By Mark Catterall
By May this year the BNP had eight councillors in Burnley, and for a short period were the official opposition on the borough council. In recent months however they have faced setbacks. In June in the Hapton ward by-election, a ward in which they had taken one of the three seats from Labour in the May local elections, they were narrowly beaten by the Liberal-Democrats. Soon after, Simon Bennett deputy organiser of the Burnley BNP resigned.
Later in the summer one of their councillors, 21 year old Luke Smith, was exposed as a convicted "football hooligan", banned from Burnley FC ground for violence. At the Red White and Blue BNP summer festival Luke Smith decided to smash a bottle into Leeds BNP organiser Martin Reynold's face. Smith refused to apologise claiming self defence but subsequently resigned as a councillor and member of the BNP, triggering a by-election in Lanehead ward (held on 17 October and the BNP came a poor third). His uncle Stephen Smith, seen as a key figure in the BNP's electoral success in Burnley, also resigned as BNP local organiser reportedly over the treatment of Luke. According to Searchlight magazine Stephen Smith is also in dispute with the national BNP.
The relationship between Burnley BNP and the national BNP leadership have been riven by disagreements and hatred.
Just prior to the Lanehead by-election, events down the M65 in Blackburn took a turn for the worse, for the BNP, when the BNP's sole councillor in Blackburn resigned from the party.
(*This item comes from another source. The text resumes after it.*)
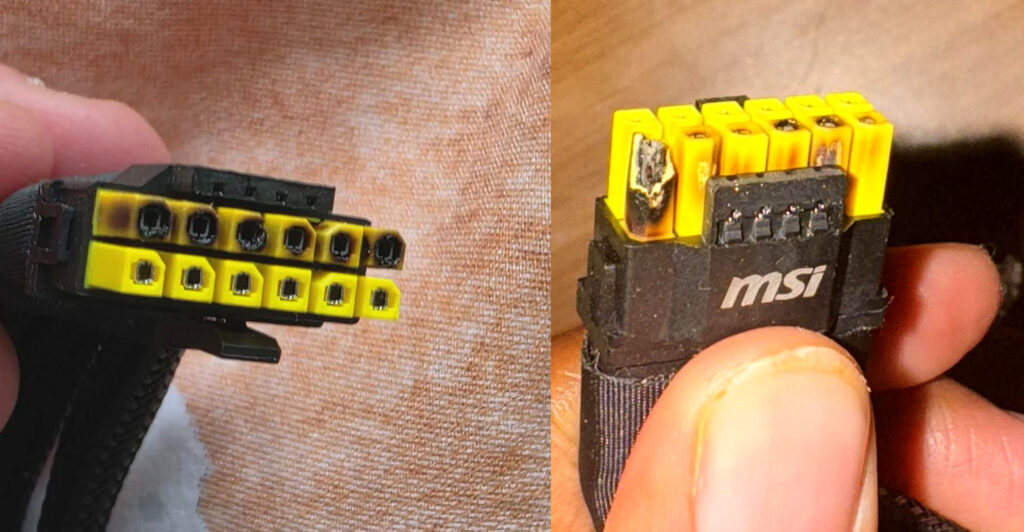 MSI GeForce RTX 5090 com conector 12V-2×6 em detalhe; casos de sobreaquecimento e derretimento do plug reportados por usuários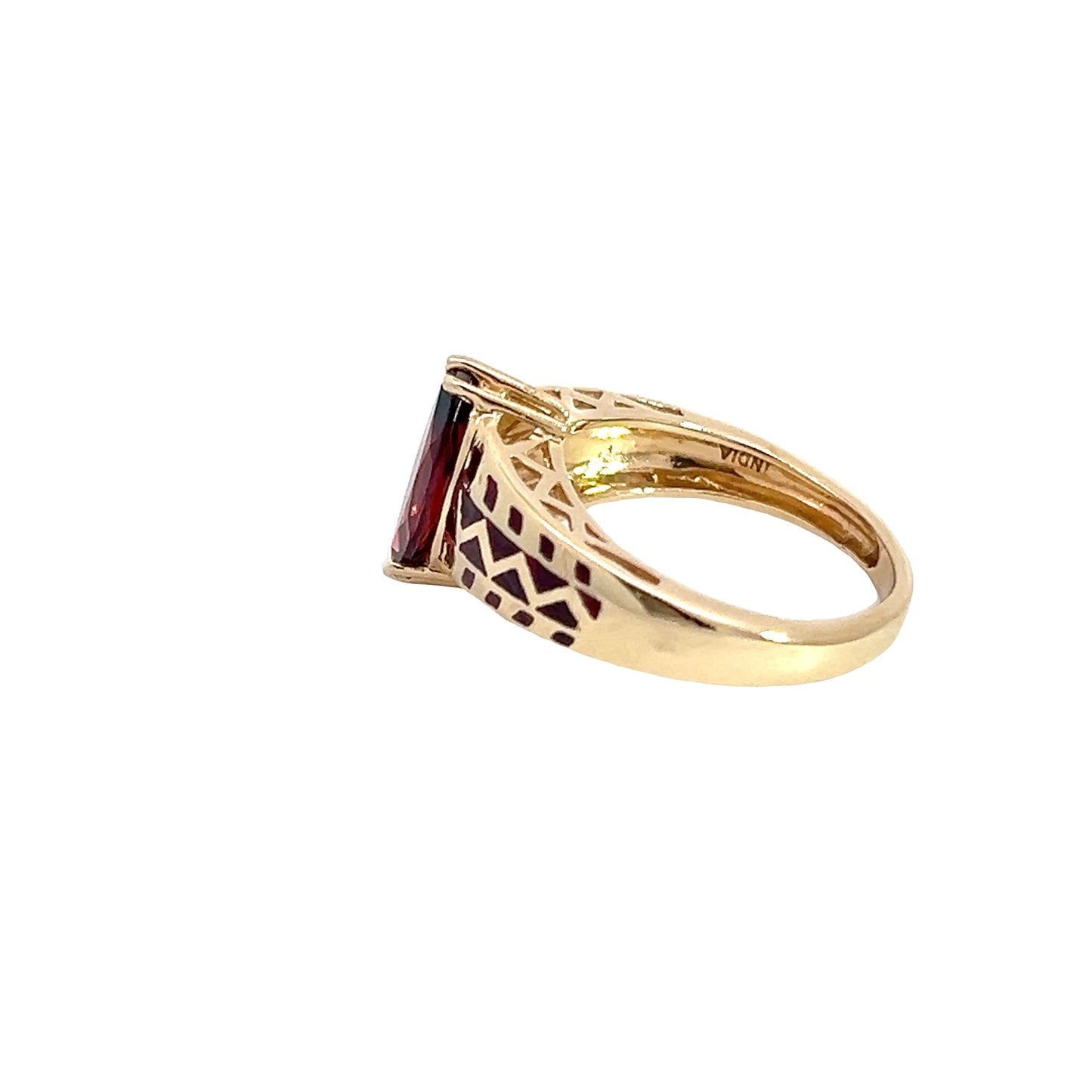 14K Garnet Ring with Enameling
While the BNP have faced a tough summer, anti-fascists can not afford to be complacent. Most of the fascists' defeats have been self-inflicted. Even in their defeat in Lanehead they obtained 17% of the vote. Next year there are full council elections in Blackburn and local and European elections across the country. With a small recovery the BNP could win significant electoral support. Until the labour movement can prove there is a viable alternative to the BNP, they remain a major threat.